### Work instructions
Which lines of the entries below hold the word "with"? Report each of them.

[[ Provided material, beginning ]]

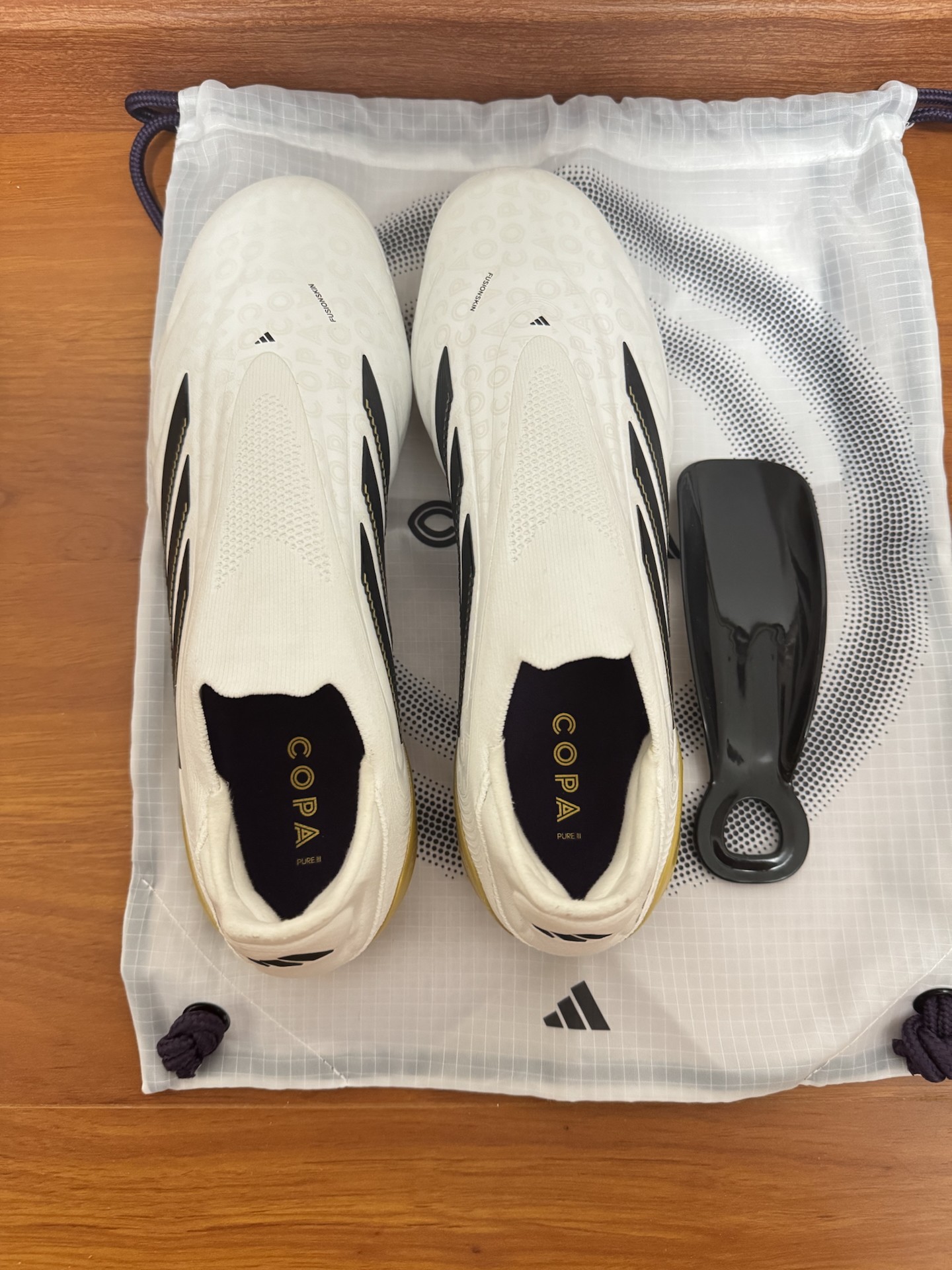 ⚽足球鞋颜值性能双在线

[[ Provided material, end ]]
[[ Provided material, beginning ]]

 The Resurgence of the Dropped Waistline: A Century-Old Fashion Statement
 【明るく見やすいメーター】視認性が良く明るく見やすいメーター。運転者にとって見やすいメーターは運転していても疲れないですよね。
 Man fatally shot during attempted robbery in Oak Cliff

[[ Provided material, end ]]
[[ Provided material, beginning ]]

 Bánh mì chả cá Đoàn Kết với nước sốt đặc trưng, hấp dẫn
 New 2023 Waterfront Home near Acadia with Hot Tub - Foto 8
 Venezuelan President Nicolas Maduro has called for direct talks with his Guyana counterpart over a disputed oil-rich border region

[[ Provided material, end ]]

### Answer space
 New 2023 Waterfront Home near Acadia with Hot Tub - Foto 8
 Venezuelan President Nicolas Maduro has called for direct talks with his Guyana counterpart over a disputed oil-rich border region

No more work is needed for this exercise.